Even Prime Minister Stephen Harper tried to sound like the common uninformed man, instead of the economist he is. When asked if he thought price gouging was going on, he responded, "It certainly appears that way to me." Uh, quick brush up course on Economics 101, PM. If one quarter of America's refining capacity closes down, as happened last week as a result of hurricane Ike, prices are sure to rise. It's called the simple law of supply and demand. What's more, those refineries are focusing on making more diesel and other commodities right now, because there's more money in it. ('Be grateful things really don't go better with Coke', L. Corbella, Calgary Herald, 20 Sep 2008).The snotty attitude aside, we have a pretty clear set of claims here:
- Harper said that it appeared to him that oil companies were 'gouging' with respect to immediate gasoline price increases due to Hurricane Ike activity.
- Harper is an economist and should know better, so he is being disingenuous about his claim.
- When supply falls, prices rise: the 'simple law of supply and demand'.
- Twenty five percent of the refining ability of the US was shut down by hurricane activity.
- Refineries are focussed on making things other than gasoline.
- So, 'prices are sure to rise'.
- So, prices are justified in rising.
This argument, which I believe I have faithfully captured above, might seem to follow.
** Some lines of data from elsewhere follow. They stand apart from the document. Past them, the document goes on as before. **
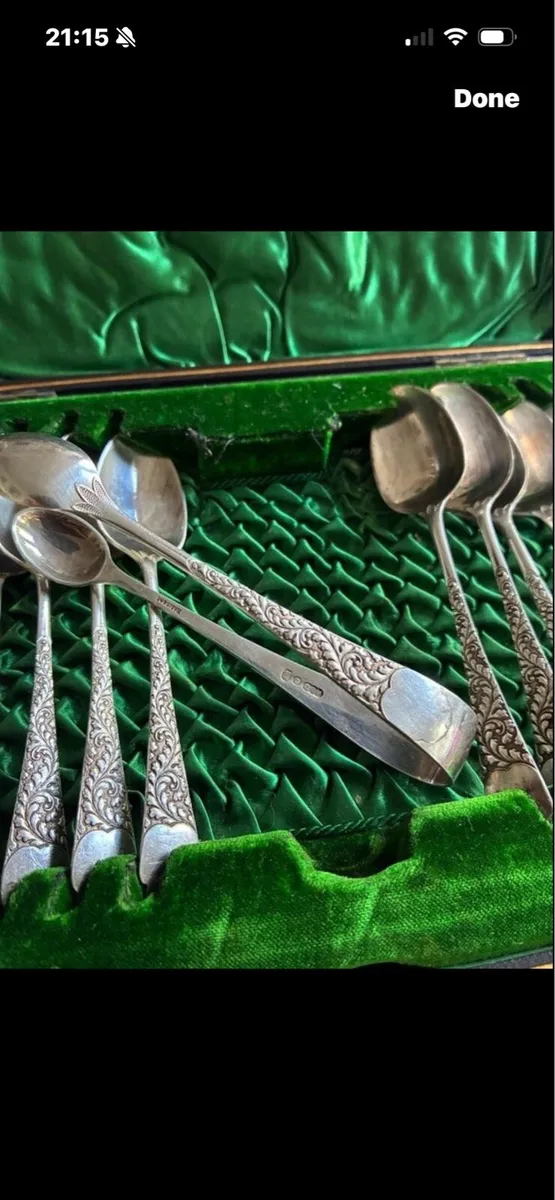 Antique Sterling Silver Spoons & Sugar Thongs Set - Image 3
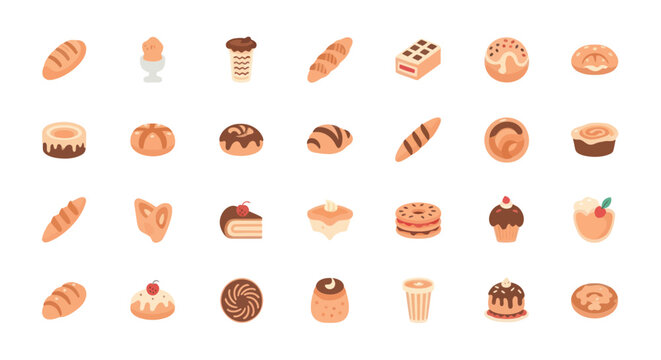 Bakery items illustration collection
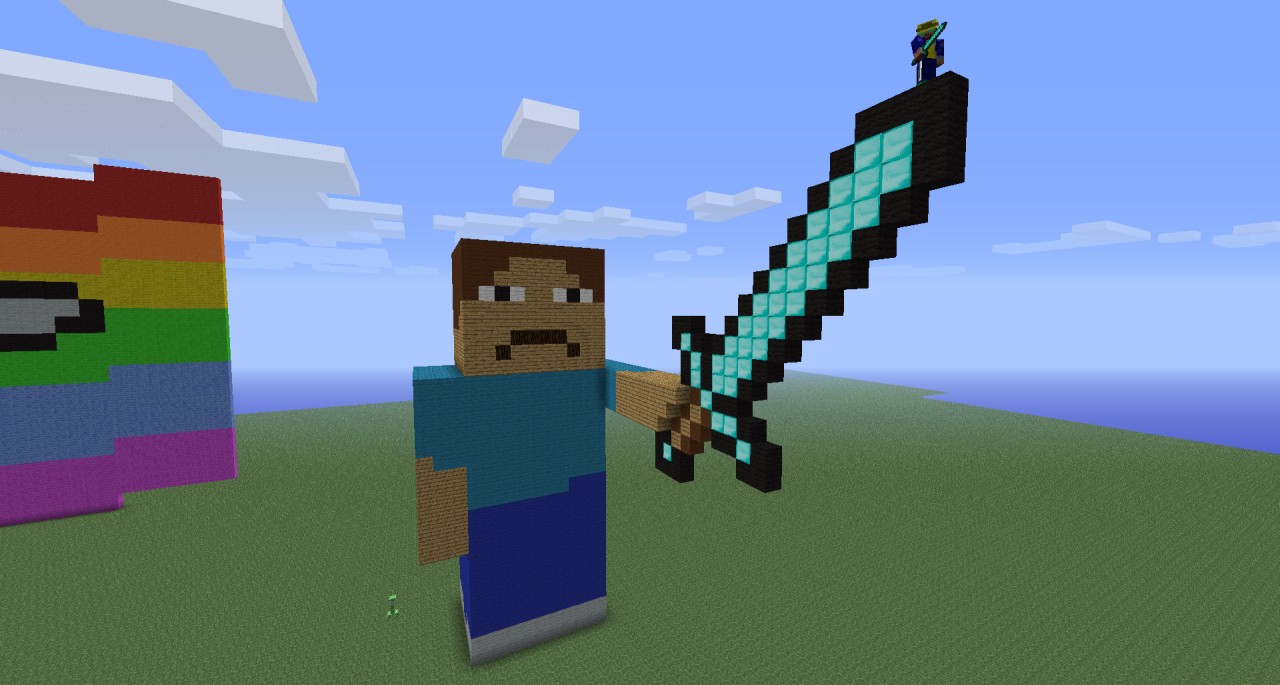 Giant steve with a diamond sword Minecraft Project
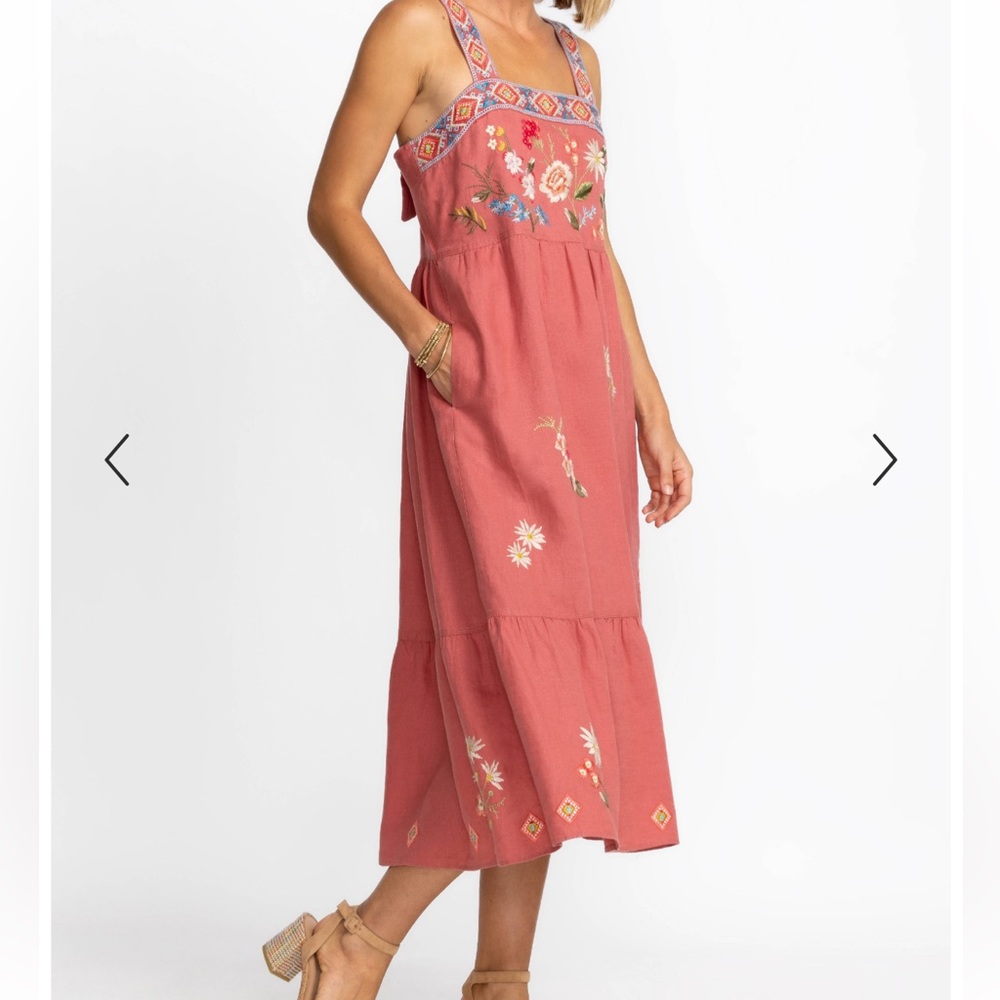 Johnny Was Embroidered Catalina Square Neck Tank Dress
However, it doesn't.
The question directed at the Prime Minister wasn't 'Is it gouging when oil companies raise the price of their products due to lack of supply?' It is somewhat instructive to note that Corbella left out the context in which the question was asked.
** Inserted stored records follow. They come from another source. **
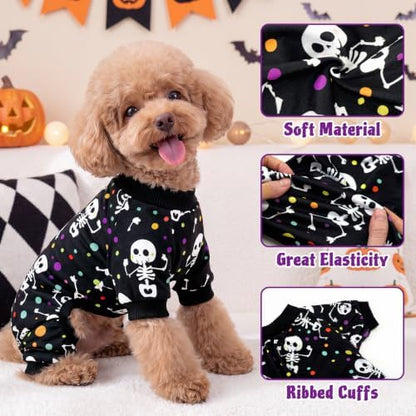 XPUDAC Dog Halloween Pajamas for Small Medium Dogs Skull Costume Soft Puppy Clothes Pet Outfit cat Jumpsuits, X-Small - Image 2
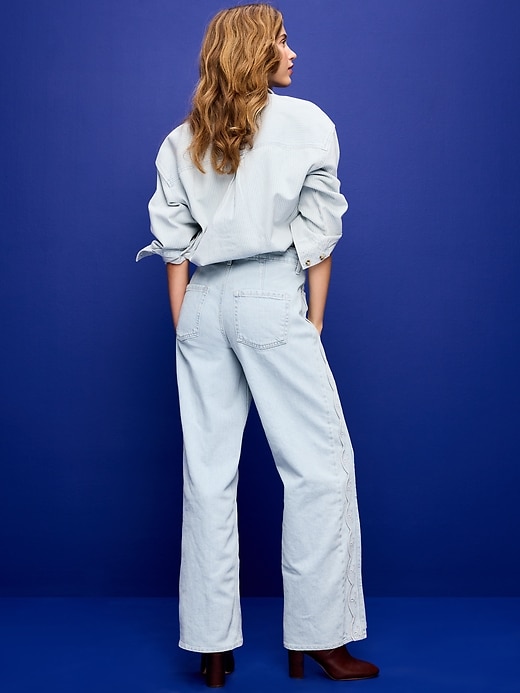 Image number 3 showing, Extra High-Waisted Embroidered Wide-Leg Jeans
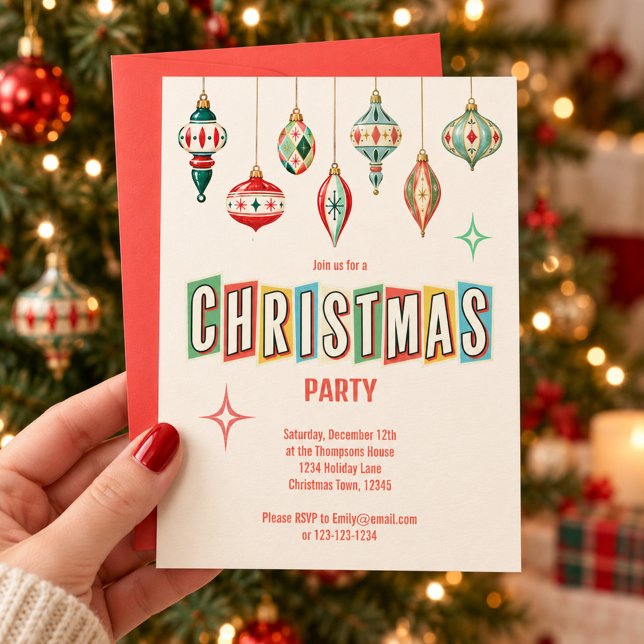 Convite Enfeites de Natal Retro Festa de Natal (Retro Christmas ornaments bring cheerful vintage style to this festive party invitation.
)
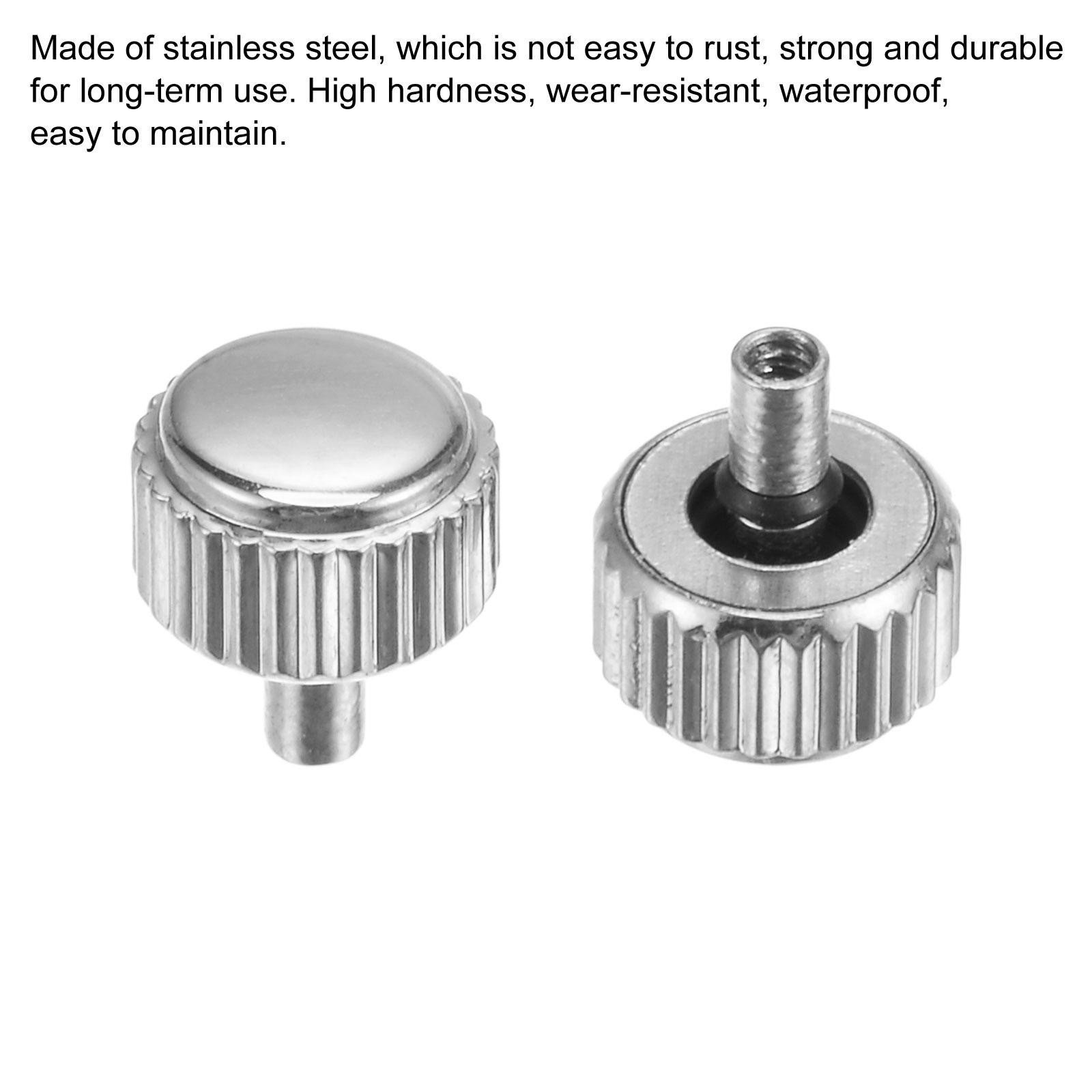 2Pcs 5×4.5mm Watch Crown SUS304 Flat Head Long Stem 2mm ID Silver Tone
Byrne's comments came after Stephen Harper had strong words for reporters at a campaign stop in Halifax last week when he was asked about rising gas prices while the price of oil per barrel keeps sliding. Reporters asked Harper if he thought it was price gouging and he responded, "Well, it certainly appears that way to me." (Byrne asks Harper to drop Marine Atlantic fuel surcharge, CBC, 15 September 2008)
So, we can see that 'close quoting' doesn't ensure accuracy. Nevertheless, it would seem that the question wasn't about price hikes due to Ike, but why, when the cost of the raw materials for a product keep dropping and the cost of transmuting the raw materials into product stay the same, does the cost of the product rise? Well. That doesn't seem to be a question that can be so easily turned aside by a flippant reference to the 'simple Law of Supply and Demand'. Corbella seems to think that the 'simple Law of Supply and Demand' is like the Law of Conservation of Energy, in that it applies regardless of what human beings might think or desire. Well, it doesn't and the reporter (and presumably Harper, who is a economist and understands that economics is a social science rather than a physical one) knows it. The reporter wasn't asking for an economics lesson; asking after a description of what could possibly account for the oil company's behaviour ('price gouging' is far from a balanced, unloaded term). The reporter was asking for a judgement; whether Harper could see any justification for gasoline prices to go up when the cost of oil was going down. So, Harper was, in effect saying that he cannot see any justification for gasoline prices rising while oil prices fall. He knows, as all economists know, that the reason that gas prices stay high when oil prices fall is that oil companies make more money that way and they get away with it. The Law of Supply and Demand is a description. So what Corbella has done, more or less, is answer the reporter's question by saying 'well, that's what people who run oil companies do' as if that answered the question. Serial killers kill people---that's what they do---but that they do hardly answers the question as to whether they are justified in doing so. So much for teaching Harper anything today.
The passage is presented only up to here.